In 32 bit, its design your own, in 64 bit it is the normal calling convention.

In 32 bit you can use eax, ecx and edx as you first three arguments then use the stack for the rest, in 64 bit you MUST use the first four arguments in the rcx, rdx, r8 and r9 registers and the following arguments must be written to the correct locations on the stack. In 64 bit its best to use a macro designed to do that, doing it manually is a nightmare.
hutch at movsd dot com
http://www.masm32.com    :biggrin:  :skrewy:

jimg

  • Member
  • ***
  • Posts: 462
Re: fastcall
« Reply #2 on: March 29, 2020, 03:23:22 AM »
in 64 bit you MUST use the first four arguments in the rcx, rdx, r8 and r9 registers and the following arguments must be written to the correct locations on the stack. In 64 bit its best to use a macro designed to do that, doing it manually is a nightmare.

Yes, I meant for 64 bit.  I'll need a macro for sure as I don't get it.  But I'd kind of like to understand it.
It says you have to pass the parameters in rcx,rdx,r8,r9,  but also you have to make space for those 4 on the stack.  Why?  Either I want to preserve them and I'll put them somewhere, or don't want to preserve them and won't, why extra space on the stack?

hutch--

  • Administrator
  • Member
  • ******
  • Posts: 7212
  • Mnemonic Driven API Grinder
    • The MASM32 SDK
Re: fastcall
« Reply #3 on: March 29, 2020, 05:09:44 AM »
Jim,

Its called shadow space and its for higher level functions where you are mixing API and similar calls with mnemonic code. For 4 arguments or less that are QWORD sized arguments, I use a macro "rcall" as it drops the overhead slightly without the shadow space but for procedure calls with more than 4 arguments the "invoke" notation does the job and its more tolerant with different data sizes  as the all get dumped into the same 64 bit sized slot.

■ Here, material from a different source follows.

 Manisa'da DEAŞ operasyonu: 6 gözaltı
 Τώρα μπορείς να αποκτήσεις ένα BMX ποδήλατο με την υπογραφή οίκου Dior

Win64 FASTCALL is a bit complicated but it is more efficient that the 32 bit STDCALL.
hutch at movsd dot com
http://www.masm32.com    :biggrin:  :skrewy:

Vortex

  • Member
  • *****
  • Posts: 2206
Re: fastcall
« Reply #4 on: March 29, 2020, 05:21:47 AM »
Quote
The described feature leads to a significant growth of the stack consumption speed. Even if the function does not have parameters, 32 bytes will be "bit off" the stack anyway and they will not be used anyhow then. I failed to find the reason for such a wasteful mechanism. There were some explanations concerning unification and simplification of debugging but this information was too vague.

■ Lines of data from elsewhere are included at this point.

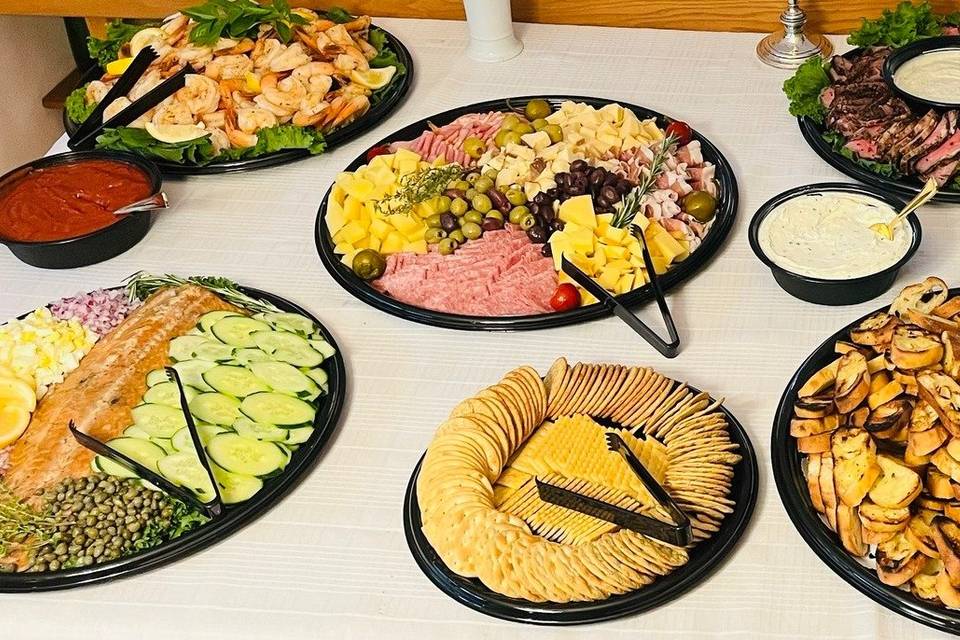 Chef David's Catered Events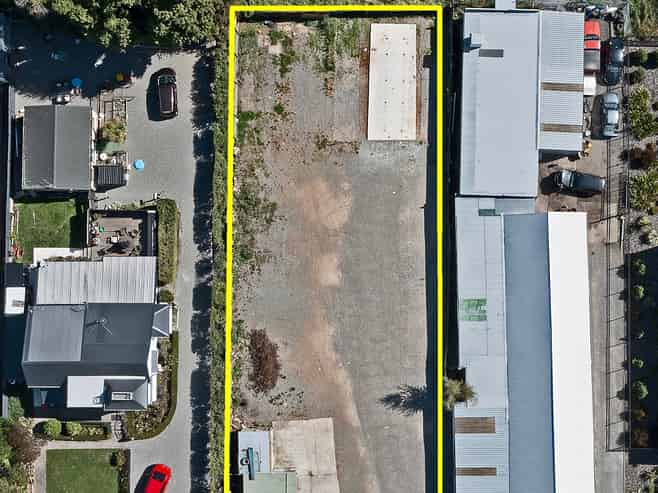 Kaiapoi Blank Canvas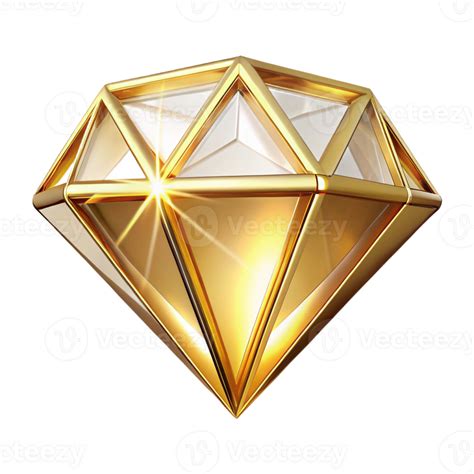 Top 12+ Free Diamond With Golden Numbers And Symbol Vector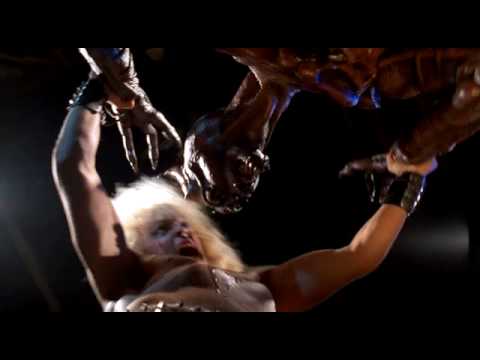 Rock 'n' Roll Nightmare (1987) - Extended Final Battle Scene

https://software.intel.com/en-us/blogs/2010/07/01/the-reasons-why-64-bit-programs-require-more-stack-memory


jimg

  • Member
  • ***
  • Posts: 462
Re: fastcall
« Reply #5 on: March 29, 2020, 05:42:55 AM »
I can't see how it could be more efficient.  It's extra overhead on every call.  This overhead should have been handled once in the proc being called, not every time it's being called.  Plus the caller has to move the parms into the registers rather than just pushing them.  e.g. if what you need to call with is already edx but the proc wants it in ecx, but you already have in ecx what the proc wants in edx, etc., it get real messy real fast.

hutch--

  • Administrator
  • Member
  • ******
  • Posts: 7212
  • Mnemonic Driven API Grinder
    • The MASM32 SDK
Re: fastcall
« Reply #6 on: March 29, 2020, 09:13:37 AM »
One of the things you do in Win64 is design your algorithms in a different way, as you know what registers will be used for arguments, you set up the algo to use them as passed from the caller. With all of the extra registers you have much more to work with and rarely ever have to use LOCAL variables in low level code. Once you adapt to it you will see why it is efficient but you have no other choice than to use the win64 Microsoft ABI.
hutch at movsd dot com
http://www.masm32.com    :biggrin:  :skrewy:

daydreamer

  • Member
  • *****
  • Posts: 1215
  • I also want a stargate
Re: fastcall
« Reply #7 on: March 29, 2020, 09:36:00 PM »
but isnt fastcall as old as C ,as an alternative to stdcall?
but it must be easier to loops with PROC call inside loop to do things and faster because regs are faster than memory(also stack) and was it maybe design it to fastcall,because twice the size of registers in 64bitx4 become slower push 4 regs to stack(mem) with std call and inside PROC retrieve from 4 regs from stack(mem)
shadow space,was it defined by a Babylon 5 fan?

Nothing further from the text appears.